§ Data items

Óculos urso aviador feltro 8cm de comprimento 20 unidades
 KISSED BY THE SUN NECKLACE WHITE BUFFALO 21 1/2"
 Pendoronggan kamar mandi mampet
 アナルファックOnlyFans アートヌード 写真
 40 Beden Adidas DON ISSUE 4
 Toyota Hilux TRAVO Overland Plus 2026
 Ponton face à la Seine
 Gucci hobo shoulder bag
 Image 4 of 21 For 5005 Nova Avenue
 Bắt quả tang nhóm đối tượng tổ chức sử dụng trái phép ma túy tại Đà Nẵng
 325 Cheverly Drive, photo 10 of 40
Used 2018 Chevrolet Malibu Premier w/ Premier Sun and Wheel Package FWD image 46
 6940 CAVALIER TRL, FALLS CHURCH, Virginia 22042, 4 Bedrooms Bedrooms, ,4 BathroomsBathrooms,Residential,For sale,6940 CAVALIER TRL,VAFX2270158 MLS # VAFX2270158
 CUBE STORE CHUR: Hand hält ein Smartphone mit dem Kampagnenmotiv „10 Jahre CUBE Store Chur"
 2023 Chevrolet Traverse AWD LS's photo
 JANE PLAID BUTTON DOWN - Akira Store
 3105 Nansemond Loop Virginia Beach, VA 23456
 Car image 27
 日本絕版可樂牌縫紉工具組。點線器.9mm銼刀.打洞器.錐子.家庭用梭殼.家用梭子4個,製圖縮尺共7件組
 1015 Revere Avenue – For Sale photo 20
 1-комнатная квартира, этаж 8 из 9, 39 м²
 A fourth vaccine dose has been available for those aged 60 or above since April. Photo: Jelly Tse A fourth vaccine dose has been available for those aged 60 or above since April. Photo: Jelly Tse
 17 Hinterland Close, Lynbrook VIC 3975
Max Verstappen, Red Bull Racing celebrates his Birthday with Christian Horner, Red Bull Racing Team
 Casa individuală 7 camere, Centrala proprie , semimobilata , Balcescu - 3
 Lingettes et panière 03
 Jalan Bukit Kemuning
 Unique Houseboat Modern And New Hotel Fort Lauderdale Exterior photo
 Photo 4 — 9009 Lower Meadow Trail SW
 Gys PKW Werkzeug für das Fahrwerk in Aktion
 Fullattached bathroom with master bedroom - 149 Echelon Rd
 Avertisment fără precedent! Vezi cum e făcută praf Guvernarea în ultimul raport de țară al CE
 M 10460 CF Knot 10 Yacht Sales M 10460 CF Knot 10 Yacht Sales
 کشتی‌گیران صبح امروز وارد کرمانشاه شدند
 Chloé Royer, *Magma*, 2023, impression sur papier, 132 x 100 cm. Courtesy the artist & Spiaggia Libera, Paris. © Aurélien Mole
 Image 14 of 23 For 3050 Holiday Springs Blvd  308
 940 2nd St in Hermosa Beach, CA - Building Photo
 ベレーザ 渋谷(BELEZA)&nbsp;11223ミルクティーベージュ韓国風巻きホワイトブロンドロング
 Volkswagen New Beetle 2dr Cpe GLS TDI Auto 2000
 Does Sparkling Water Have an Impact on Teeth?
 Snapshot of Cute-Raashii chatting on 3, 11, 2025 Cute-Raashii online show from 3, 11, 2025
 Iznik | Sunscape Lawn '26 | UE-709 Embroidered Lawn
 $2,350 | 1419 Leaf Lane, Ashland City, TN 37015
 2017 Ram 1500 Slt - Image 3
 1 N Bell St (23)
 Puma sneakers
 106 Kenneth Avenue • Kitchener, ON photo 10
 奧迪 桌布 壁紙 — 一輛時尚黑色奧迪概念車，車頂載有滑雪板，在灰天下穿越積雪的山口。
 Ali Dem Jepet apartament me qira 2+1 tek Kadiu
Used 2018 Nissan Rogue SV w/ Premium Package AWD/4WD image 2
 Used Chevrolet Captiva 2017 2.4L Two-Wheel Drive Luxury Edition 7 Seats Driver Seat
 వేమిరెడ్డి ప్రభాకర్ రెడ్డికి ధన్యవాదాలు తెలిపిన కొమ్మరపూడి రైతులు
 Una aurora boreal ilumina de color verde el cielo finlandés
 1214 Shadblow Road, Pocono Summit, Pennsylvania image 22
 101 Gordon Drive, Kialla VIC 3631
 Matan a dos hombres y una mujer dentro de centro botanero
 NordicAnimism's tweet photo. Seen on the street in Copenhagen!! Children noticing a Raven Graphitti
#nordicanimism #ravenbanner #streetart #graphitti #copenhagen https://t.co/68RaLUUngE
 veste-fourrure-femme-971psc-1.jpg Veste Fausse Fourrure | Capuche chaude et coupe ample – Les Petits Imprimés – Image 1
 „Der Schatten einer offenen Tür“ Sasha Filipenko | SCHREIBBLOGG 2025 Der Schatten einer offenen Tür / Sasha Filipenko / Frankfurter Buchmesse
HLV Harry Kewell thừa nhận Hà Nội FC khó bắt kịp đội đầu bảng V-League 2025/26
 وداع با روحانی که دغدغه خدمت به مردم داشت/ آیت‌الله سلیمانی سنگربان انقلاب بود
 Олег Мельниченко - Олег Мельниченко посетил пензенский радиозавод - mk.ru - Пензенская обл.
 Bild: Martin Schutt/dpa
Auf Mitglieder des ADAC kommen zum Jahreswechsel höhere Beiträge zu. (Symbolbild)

§ PROMPT
What you return should be exactly the lines above, starting at the one with "940 2nd St in" and ending at the one with "Does Sparkling Water", and nothing else.

§ EXPECTED ANSWER
 940 2nd St in Hermosa Beach, CA - Building Photo
 ベレーザ 渋谷(BELEZA)&nbsp;11223ミルクティーベージュ韓国風巻きホワイトブロンドロング
 Volkswagen New Beetle 2dr Cpe GLS TDI Auto 2000
 Does Sparkling Water Have an Impact on Teeth?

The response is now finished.